Je ne dis pas que je suis en accord avec tout ce qu’a pu proposé le nouveau président de la République, simplement que je trouve bien que certains sujets soit revenus sur le devant de la scène et que tous les partis proposent des solutions (le PS s’est lui-même mis à parler de régularisation au cas par cas et d’« immigration partagée ») afin que l’on puisse enfin se pencher sur des problèmes sur lesquels on a trop longtemps fermé les yeux…

D. a dit…

Oui identité est ouverture ne sont pas nécessairement opposées, mais je crois que l'intérêt du livre de Schmale est de montrer que l'identité est une affaire de stratégie que l'on modèle selon nos besoins. Travaillant aussi sur l'identité de l'autre, je suis convaincu que toute identité est contruite, relative et révocable. Ce n'est que le produit de stratégies sociales particulières. Par ailleurs, un individu peut avoir plusieurs identités, même paradoxales, et en jouer selon ses besoins.

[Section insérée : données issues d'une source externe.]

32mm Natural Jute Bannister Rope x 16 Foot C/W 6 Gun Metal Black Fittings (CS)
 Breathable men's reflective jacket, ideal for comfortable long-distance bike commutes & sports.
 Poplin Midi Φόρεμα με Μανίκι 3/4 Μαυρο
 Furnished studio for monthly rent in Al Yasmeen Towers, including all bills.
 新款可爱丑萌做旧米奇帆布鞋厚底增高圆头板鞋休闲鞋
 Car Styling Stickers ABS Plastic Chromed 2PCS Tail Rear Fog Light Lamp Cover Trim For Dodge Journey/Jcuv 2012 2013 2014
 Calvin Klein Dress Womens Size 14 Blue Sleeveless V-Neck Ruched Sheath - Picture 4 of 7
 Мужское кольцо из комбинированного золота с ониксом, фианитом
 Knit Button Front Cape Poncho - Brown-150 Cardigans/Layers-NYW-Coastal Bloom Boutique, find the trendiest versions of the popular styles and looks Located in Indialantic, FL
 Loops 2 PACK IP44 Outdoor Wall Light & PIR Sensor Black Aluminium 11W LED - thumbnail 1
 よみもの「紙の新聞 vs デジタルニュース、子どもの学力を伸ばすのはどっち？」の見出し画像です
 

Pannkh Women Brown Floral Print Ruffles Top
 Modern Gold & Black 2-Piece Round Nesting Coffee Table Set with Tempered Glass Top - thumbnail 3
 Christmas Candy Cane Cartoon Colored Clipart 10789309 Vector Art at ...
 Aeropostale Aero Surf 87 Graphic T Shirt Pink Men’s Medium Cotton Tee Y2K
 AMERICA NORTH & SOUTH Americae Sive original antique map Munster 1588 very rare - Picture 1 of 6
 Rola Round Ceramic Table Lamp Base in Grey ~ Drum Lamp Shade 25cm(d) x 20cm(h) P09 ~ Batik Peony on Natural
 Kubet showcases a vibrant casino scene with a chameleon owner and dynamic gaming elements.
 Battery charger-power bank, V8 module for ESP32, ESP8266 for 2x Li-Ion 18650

Je vous parlerai un jour de Mohamed ben Abdel Malek.

Anonyme a dit…

Je suis d’accord sur le fait que certaines personnes jouent sur différentes facettes de leur identité selon les circonstances afin d’en tirer profit, c’est d’ailleurs pour cela que j’essaie de juger les personnalités politiques non pas sur leur vie privée mais bien sur leurs idées.
De là à dire que qu’on peut se modeler plusieurs identités selon nos besoins par pure stratégie, on atteint un domaine psychologique passionnant mais sur lequel je ne suis pas assez calé pour pouvoir débattre… Cependant je pense (en tout cas j’espère ;-) que cela relève plus de la psychopathologie que de nos véritables personnalités !

D. a dit…

Il n'y a rien de pathologique là-dedans, c'est bien au contraire une richesse que révèle les sciences sociales. Je ne disais cela sans jugement de valeurs.

Je travaille actuellement sur un ambassadeur Marocain se rendant à Vienne en 1783 qui arrive à manipuler le regards des Viennois sur son identité, finissant pas être considérer comme une "parfait courtisan" - avec toute la force que cela implique au XVIIIe siècle - alors que le Maroc reste qualifié de "bizare" si ce n'est parfois de "barbare".

Je peux encore vous parler de femme musulmane de Bosnie, vivant à la frontière des empires autrichien et ottoman au XVIIIe siècle encore, traversant la frontière en 1781, et se convertisant au christinisme en trois semaines parce qu'elles craignent que l'Autriche déclare la guerre au Sultan. Une fois le risque de conflit écarté, elles retournent en Bosnie, redeviennent musulmanes et retrouvent leurs maris...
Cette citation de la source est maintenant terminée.